Be There Or Be Square

So, my mother’s story goes like this: it was a lovely, warm summer evening and they were waiting for the famous yellow tram in Lisbon. The sign said that it was expected to arrive in seven minutes.

Waiting For The Yellow Tram

A few years ago my mother went to visit Portugal. She has been in love with the country ever since, and she keeps retelling stories, which we all love, but there is one particular case which she loves telling over and over again, and we cannot help but laugh, since it’s a really cute story, and it captures the essence of the Portuguese stereotype of always being late. So, my mother’s story goes like this: it was a lovely, warm summer evening and they were waiting for the famous yellow tram in Lisbon. The sign said that it was expected to arrive in seven minutes. Great, they said, they didn’t even have to wait that much.
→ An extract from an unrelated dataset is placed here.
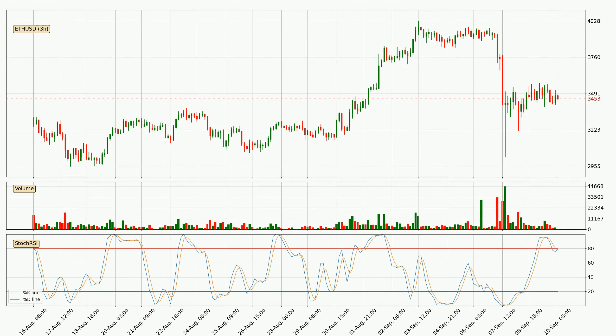Moving to the three-hourly stochastic RSI, there are no signs of the stochastic RSI being oversold or overbought at this time, but because the %K line is over the %D line, we can deduce that the trend is currently on the up.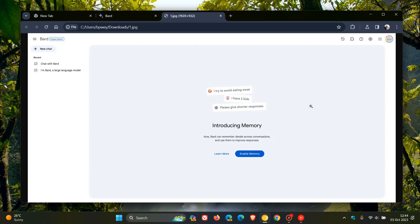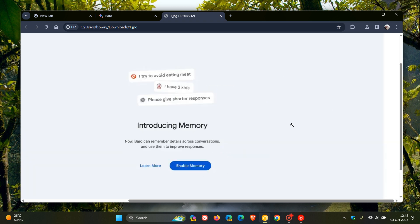This is a screenshot provided by 9to5Google, and this is still an early user interface of what the memory feature could look like. Obviously it's still early days, so this is subject to change, but here we can see some examples used regarding this memory feature: 'I try to avoid eating meat,' 'I have two kids,' 'Please give shorter responses.'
But seven minutes have passed and the tram was nowhere to be seen. Then they looked at the sign again, which now said that the tram was expected to arrive in an additional five minutes. Again five minutes have passed, but no tram. Sign again: seventeen minutes until the tram arrives. Seventeen minutes have passed in the lovely summer evening, and still no tram. My mother and her friends decided to walk instead, since the weather was really nice anyway.

How Late Is Too Late?

I heard lots of people saying that being 10-15 minutes late in Portugal is considered being on time, and if you have to be somewhere, leave home even 1-1,5  hours early, because it is perfectly normal to run into acquaintances on the street and sit down with them for a coffee somewhere in an absolutely spontaneous manner, then proceed to your original destination. For us this is only a bit shocking, but for German people, I can imagine being utterly annoying. In Romania we are somewhere in between, I guess. One of my best friends for example, who is really famous for always being late, once said that when we call her asking “where are you?” and she replies “I’m on my way”, that usually means she is still in the bathtub enjoying a nice bubble bath. We laughed out loud on hearing this, because we really love her, and we grew accustomed to her ways, but this sometimes can get really annoying, especially since the Transylvanian winter is not at all so benign as the Portuguese one, and waiting in the cold can get really unpleasant. But we simply consider it unpleasant, not outrageous. I suspect that if she did this in some other countries, she would soon will be in constant search for a new job, and maybe her social life would suffer some changes as well. And with public transportation, there are some similarities between our buses and the Portuguese tram as well. It is of no surprise at all that the buses are often late, or even leave earlier, or do not come at all. For us the news of the Japanese operator who deeply apologized after the train left 20 seconds early, is a really curious case.

Then there was another time when the relativity of what it means to be on time revealed itself: we were preparing to go to a concert in Vienna. Back then I used to live in Budapest, which in terms of punctuality is different from Romania, as people tend to be more punctual, but being „a little late” is still okay. So we were preparing to go by car, and we were discussing when we should leave. Most of the people involved said that we shouldn’t leave too early, since „the concert won’t start before 20:30 anyway”. The tickets said that the concert was to start at 20:00. And I told the group that maybe in Vienna it is not so common that a concert should start with a 30 minutes delay, and it is certainly not as usual as we should take it for granted. And the concert did indeed start at 20:00 sharp.

As My Grandmother Used To Say…

Of course I have all the other “rules” of being a cool human being stored up in my brain: “Do not arrive at a party on time” or as my late grandmother used to say: “A true lady is always at least five minutes late”. I don’t know if in Japan or Germany for example grandmothers give these kind of advice to their granddaughters, but my guess would be no. I think punctuality is one of the topics that most often generate cross-cultural misunderstandings. The tram, the bathtub and the parties are genuinely funny, but if you are relocating for a new job, you might want to learn about your host country’s views on being on time. You certainly don’t want to come off as disrespectful, but neither as too rigid. You will pick up the norms eventually, but this is a topic you can easily get prepared for before moving. So, get on with it, maybe you can look up some material while you are waiting for public transportation, or for a friend, who is always late!